Financial stability could be put at risk from the physical impact of climate change and “an abrupt disorderly transition” to a low-carbon economy, according to RBA deputy governor Guy Debelle.

The RBA (Reserve Bank of Australia) has warned climate change is likely to cause economic shocks and threaten Australia’s financial stability.

In a speech to the Centre for Policy Development in Sydney, RBA deputy governor Guy Debelle said challenges for financial stability may arise from both the physical impact of climate change and the transition to new policies that interact with the new climate realities.

“Today, climate change presents significant risks and opportunities for a broader part of the economy than agriculture, though the impact on agriculture continues to be significant.”

In particular, financial stability could be put at risk if businesses remained unaware of unanticipated insurance payouts, pollution-driven reputational damage, legal liability and regulatory changes that could cause valuable assets to become uneconomic, he said.

“All of these consequences could precipitate sharp adjustments in asset prices, which would have consequences for financial stability.”

Debelle was speaking not only of the risk of more extreme weather, but also of how Australia planned its transition to cleaner energy sources.

“The transition path to a less carbon-intensive world is clearly quite different depending on whether it is managed as a gradual process or is abrupt,” he said. An “orderly transition to a low-carbon economy” would be better for financial stability than “an abrupt disorderly transition”.

According to Debelle, the RBA is speaking about the issue because of the size and long-term nature of the impact climate change would have on the economy, and the implications for monetary policy.

He endorsed comments by APRA (Australian Prudential Regulation Authority) executive board member Geoff Summerhayes, who in January warned that tackling climate change had become a “financial necessity”.

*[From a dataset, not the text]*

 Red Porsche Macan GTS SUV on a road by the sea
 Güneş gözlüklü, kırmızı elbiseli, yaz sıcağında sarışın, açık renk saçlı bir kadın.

While the RBA is not responsible for developing climate policy, it has a role to play in ensuring there is adequate data to make the decisions it needs to, Debelle said.

The RBA is consulting with businesses and climate modellers to inform its monetary policy decision-making. Last year, it joined the Network for Greening the Financial System, a group of central banks that are examining climate issues.

“The challenges we have to address are to take the outcomes from climate modelling and map them into our economic modelling.”